Results and Analysis

The first round of the survey asked 23 questions pertaining to biofuel R&D in Canada. In this section we report the results for the 10 most informative questions concerning economic and regulatory barriers and/or opportunities. Even though participants were asked to rank responses that ranged from 6 to 16 options, for conciseness we present the first three to five responses and their ranking as first, second, or third most important. We also present the cumulative scores. In some instances, the second or third choice might be the highest in terms of total responses, but response choices are ranked according to the sum of the top three choices.

The first question asked respondents to rank policies that would encourage the development of the Canadian biofuels industry (Table 7). More than 80% of respondents consider the development of a long-term federal-provincial biofuel strategy as the most important issue currently facing the industry. The consistency across the ranking of the top three options shows that this is a crucial long-term issue for the Canadian biofuel sector. Nearly 50% of respondents considered the most important policy to be the federal mandates targeted at increasing the blending percentages for biofuels. The explanation for this response is that the survey took place before the implementation of the federal ethanol mandates, when the provincial mandates were the only mandates in place. It is interesting to observe that in terms of first-place ranking, this option received this highest number of votes. The third-ranked policy advocates for limiting the support for the first-generation biofuels for encouraging the development of second-generation biofuels.

Table 7. Policies that would encourage or facilitate development of Canadian biofuels.
Policy options Most important 2ndimportant 3rdimportant Top 3 total
Coordinate a long-term federal-provincial biofuels strategy 21.7% 30.4% 30.4% 82.5%
Federal mandates targeted at increasing the blending percentages for ethanol and biodiesel 26.1% 21.7% 0% 47.8%
Limit the support for first-generation biofuels to encourage second-generation biofuels development 13.0% 17.4% 4.3% 36.6%

While the federal renewable fuels strategy had only been operational for two years at the time of the survey—based on the leading response—survey respondents were either unaware of the strategy or they perceive a need for greater strategic collaboration between the federal and provincial governments. It is unlikely, but not improbable, that some of the respondents would not be aware of the strategy. The biofuels sector of the economy, like any sector, is clearly frustrated by having to face different mandates at different levels of government.

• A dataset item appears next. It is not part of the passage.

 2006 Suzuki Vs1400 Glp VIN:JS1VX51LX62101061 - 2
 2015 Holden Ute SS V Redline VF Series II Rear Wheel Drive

Respondents were next asked to rank the major policy barriers identified in Round 1 (Table 8). Responses to this question reaffirm the response to the first question, as it highlights that the lack of long-term policy planning for the Canadian biofuel industry is the most important policy barrier facing the Canadian biofuel industry (68%). Slightly more than half of respondents considered that the Canadian biofuel industry has received inferior development incentives compared to the United States and EU. The third policy barrier—subsidies and profitability of the biofuels sector—provides a very interesting response. The combined responses result in this option as being the third most important, yet in terms of first-place rankings, this one is by far the most important. In fourth place, with a total ranking of 45%, is the sustainability comparison between biofuels and fossil fuels.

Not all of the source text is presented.